## EXERCISE BRIEF:
In the material below, pictures must be dropped. Repeat exactly, and only, the lines from the line with "Cover of edition mystoryofwarwoma1889live" to the line with "KIMBER CUSTOM II GFO 10MM BLK", both ends included.

## AVAILABLE DATA:

*** Block opens ***

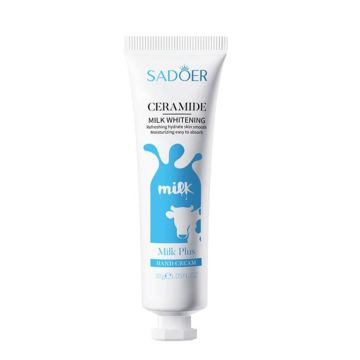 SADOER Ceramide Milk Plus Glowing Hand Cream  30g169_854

*** Block closes ***
*** Block opens ***

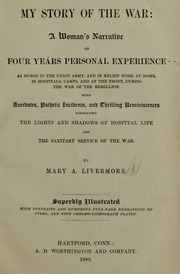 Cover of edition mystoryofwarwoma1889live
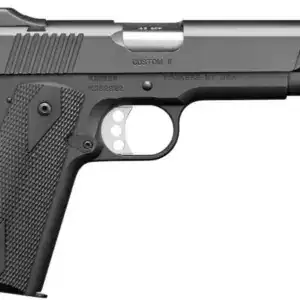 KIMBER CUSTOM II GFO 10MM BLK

*** Block closes ***
*** Block opens ***

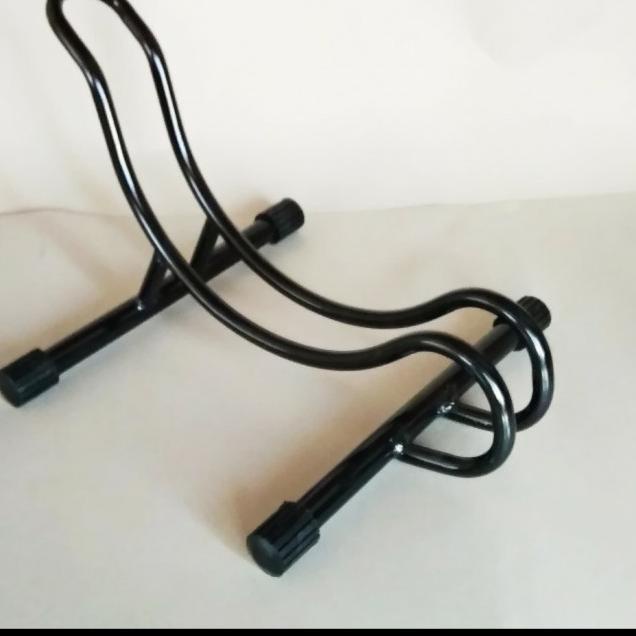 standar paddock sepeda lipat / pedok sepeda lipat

*** Block closes ***

## TASK OUTPUT:
 Cover of edition mystoryofwarwoma1889live
 KIMBER CUSTOM II GFO 10MM BLK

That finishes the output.